If you keep bees you will end up getting wax from cappings, burr comb and old/damaged comb. You will need to clean the wax before making your candles. One hint is to seperate your lighter colored wax from the dark (The wax in the brood frams tends to get quite dark).

Hope this helps.

Mike


----------



## Balancedmom2003 (May 20, 2003)

* Posted by Mike in Ohio*
It is possible to use the comb that the bees produce to make candles. You really don't want to take usable comb form the bees as it means they spend more time and energy making comb rather than producing honey, etc.
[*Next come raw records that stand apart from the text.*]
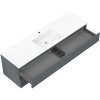 Mexen Rivel, koupelnová skříňka 160 cm s umyvadlem Otis, 2 zásuvky, drážkovaná, grafitová matná/bílá matná, 91A20-16047-2-BFF66-W18M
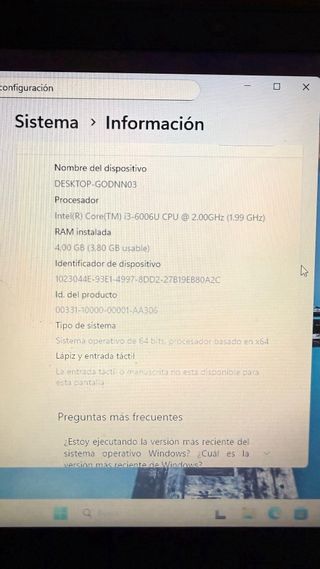 Portátil Lenovo Negro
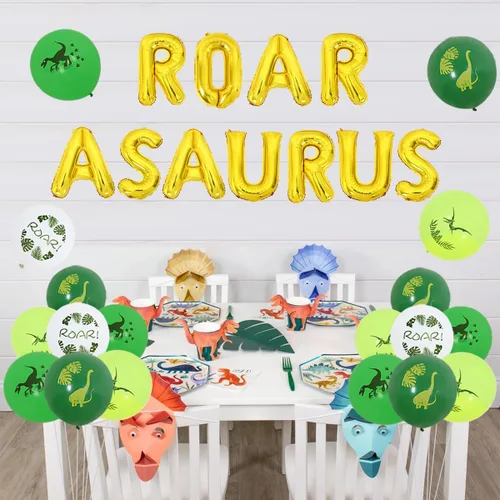 Vista 4 de Decoraciones de cumpleaños de One a Saurus, decoraciones de primer cumpleaños con temática de dinosaurio con rugido de Oneasaurus, globos
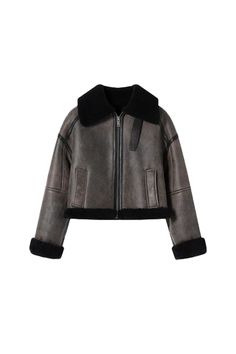 Retro Edge Meets Modern Chic: Shearling-Lined Biker Style ( Pre-sale - Expected to ship out within 7-10 days ) Dive into the vintage charm with our Distressed Shearling Collar Cropped Sheepskin Biker Jacket. A classic autumn staple, this jacket combines the rugged texture of a motorcycle jacket with the luxurious warmth of shearling. Despite its substantial feel, it's surprisingly lightweight and not cumbersome, ensuring both warmth and a sense of security. The custom-aged leather surface create Shearling Biker Jacket With Zipper Closure, Shearling Biker Jacket With Long Sleeves, Sheepskin Biker Jacket With Padded Collar, Sheepskin Biker Jacket With Padded Collar And Long Sleeves, Winter Sheepskin Biker Jacket With Zipper Closure, Sheepskin Biker Jacket With Faux Fur Trim, Sheepskin Leather Jacket With Faux Fur Lining, Sheepskin Biker Jacket With Faux Fur Lining, Winter Sheepskin Biker Jacket With Faux Fur Trim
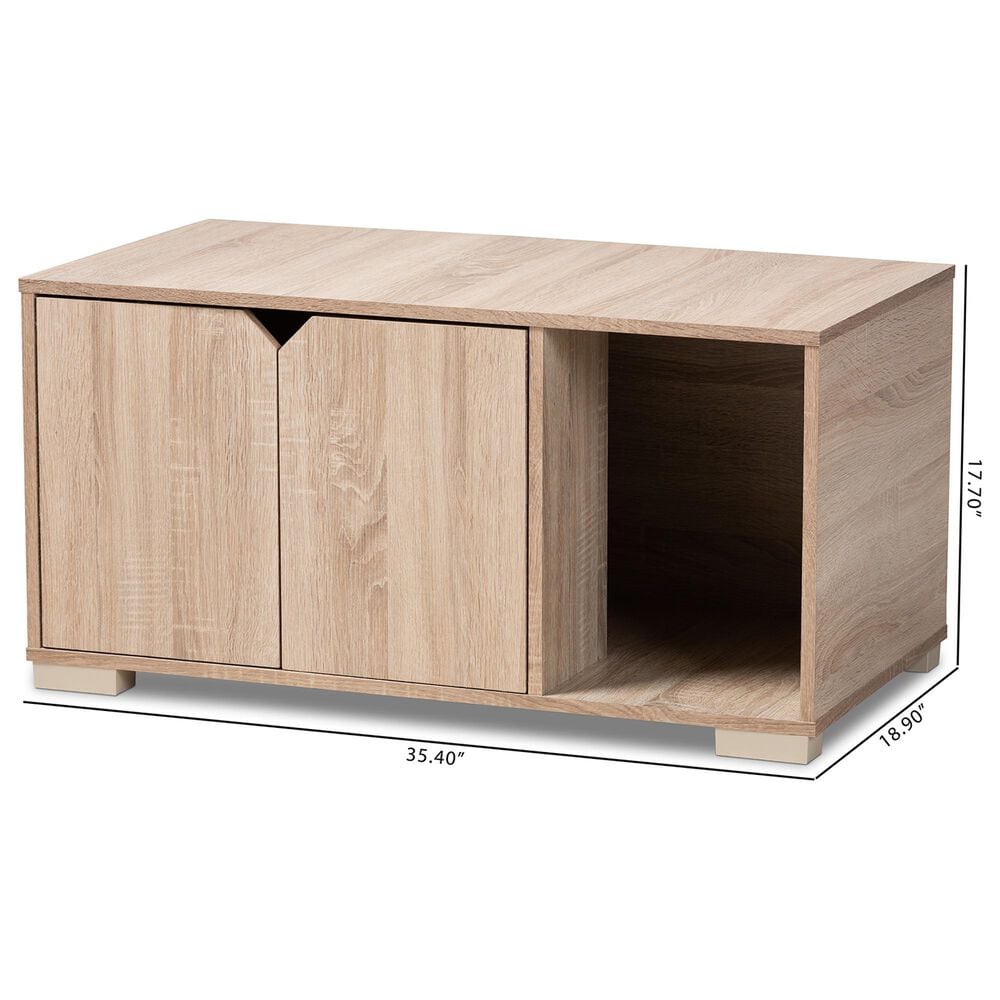 Baxton Studio Jasper 2-Door Cat Litter Box Cover House in Oak, , large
If you keep bees you will end up getting wax from cappings, burr comb and old/damaged comb. You will need to clean the wax before making your candles. One hint is to seperate your lighter colored wax from the dark (The wax in the brood frams tends to get quite dark).

Hope this helps.

Mike

Thank you Mike!
That is exactly what I am talking about. When I become interested in a homestead project I try to look at it from all angles, how many ways I can use one specific project. Bees would give me pollination, honey and as you say the old/damaged wax for candles. Thank you so much!

Michele


----------



## justgojumpit (May 5, 2003)

if you choose to keep your bees in a top-bar hive, the bees will build natural comb from the top bars, instead of using foundation in frames. you then harvest honey by cutting these combs off the top bars. now you can either keep this as comb honey or you can press the comb to get the honey out. you are left with crushed wax with trace amounts of honey in it. put this wax in a strainer and run under warm - not too hot or you'll melt the wax! - water to get the last bit of honey out. then you can melt this wax - with a strainer in the pot to heat the strainer. use a double boiler for this! then pour your wax through this strainer into another pot. i use coffee cans so my pots dont get covered in wax. re-heat if necessary. now you are ready to pour into molds. enjoy! processing your own wax into the imprinted sheets is not economical, because the cost of the press needed to do this is out of this world.

justgojumpit


----------



## Beeman (Dec 29, 2002)

The candles you saw are not actually honeycomb. They are sheets of foundation that are rolled into candles. The foundation is made from old beeswax that has been purified, rolled and then stamped with that honeycomb pattern. Foundation is installed in a wood frame and then installed in the hive. It gives the bees a "foundation" or a pattern to draw out the comb where you want it.


----------